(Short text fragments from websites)
[Start of Attachment]

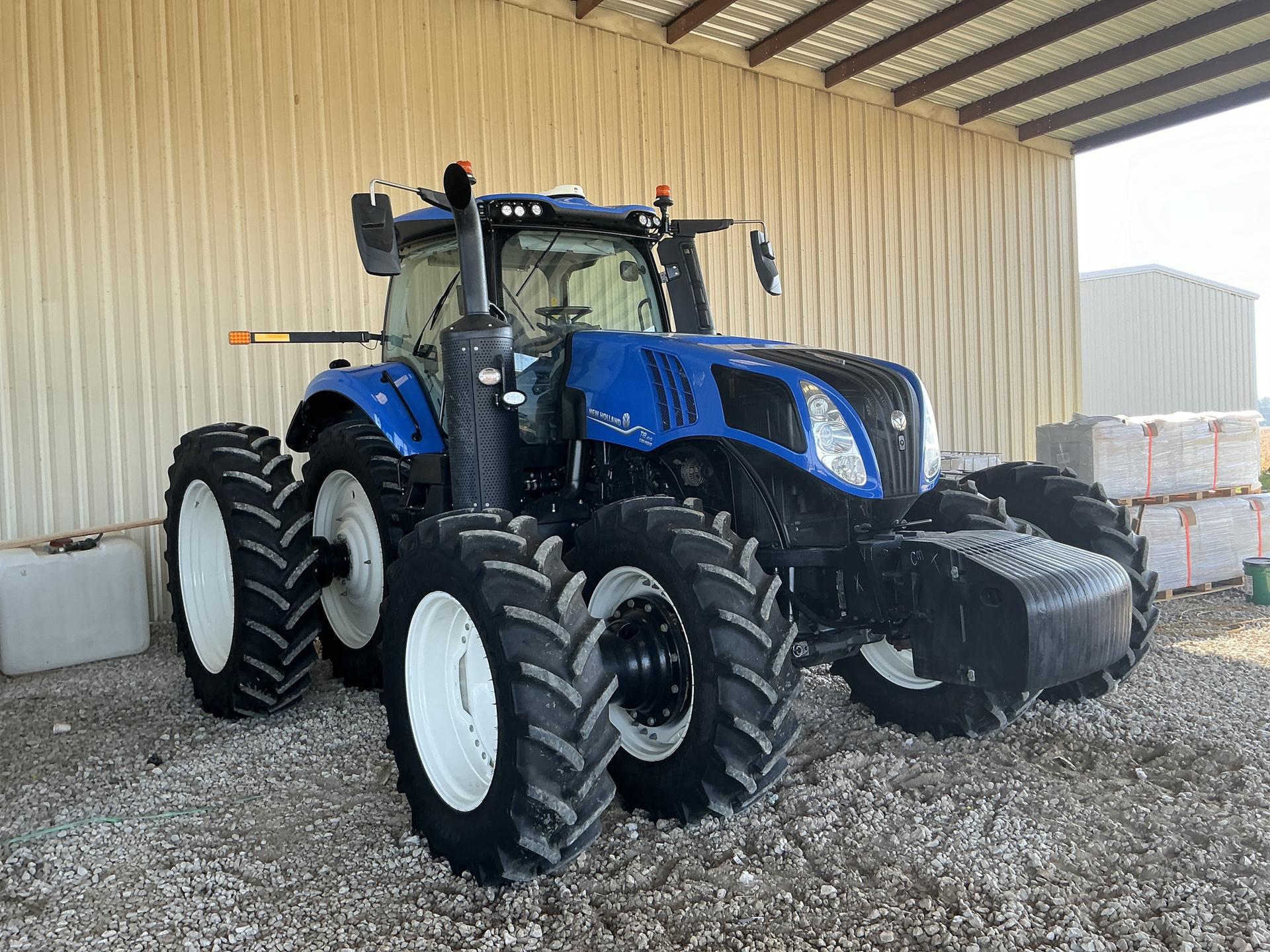 2023 New Holland T8.410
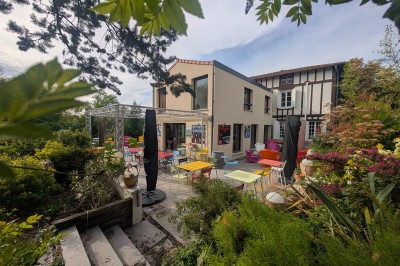 Hostelry - photo 1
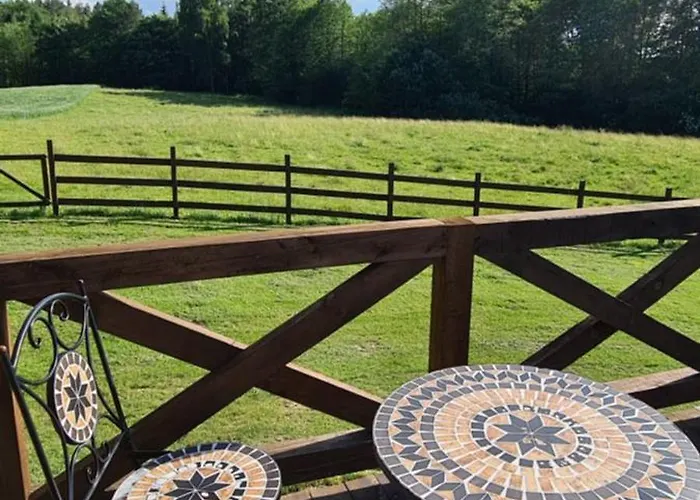 Holiday home Z Sauna I Balia Jakuzii W Gluszy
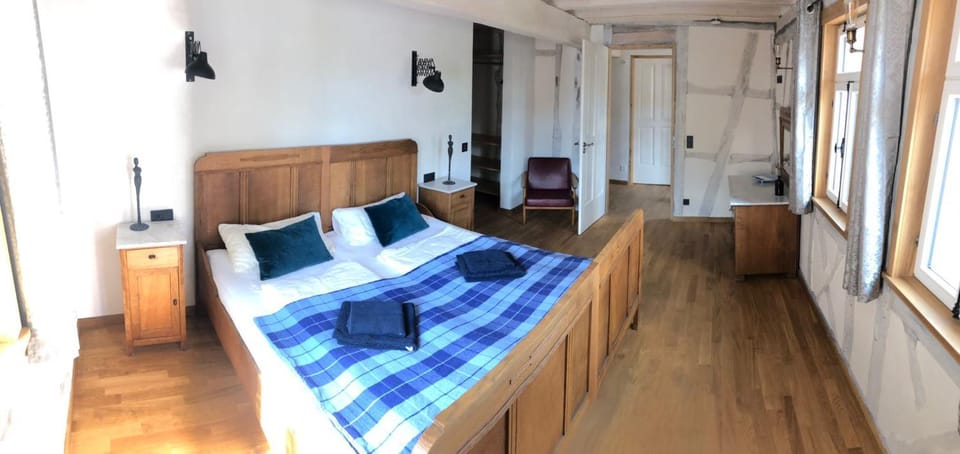 Bed, Photo of the whole room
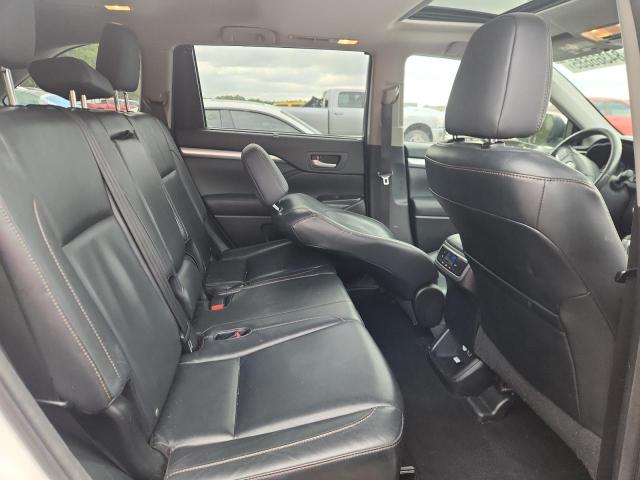 5TDKKRFHXFS050205 - 2015 TOYOTA HIGHLANDER XLE WHITE photo 10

[End of Attachment]

▸ Task statement
Copy exactly, and copy nothing else: the lines from the one containing "Holiday home Z" through the end of the data, both ends included, with pictures left out.

▸ Final answer
 Holiday home Z Sauna I Balia Jakuzii W Gluszy
 Bed, Photo of the whole room
 5TDKKRFHXFS050205 - 2015 TOYOTA HIGHLANDER XLE WHITE photo 10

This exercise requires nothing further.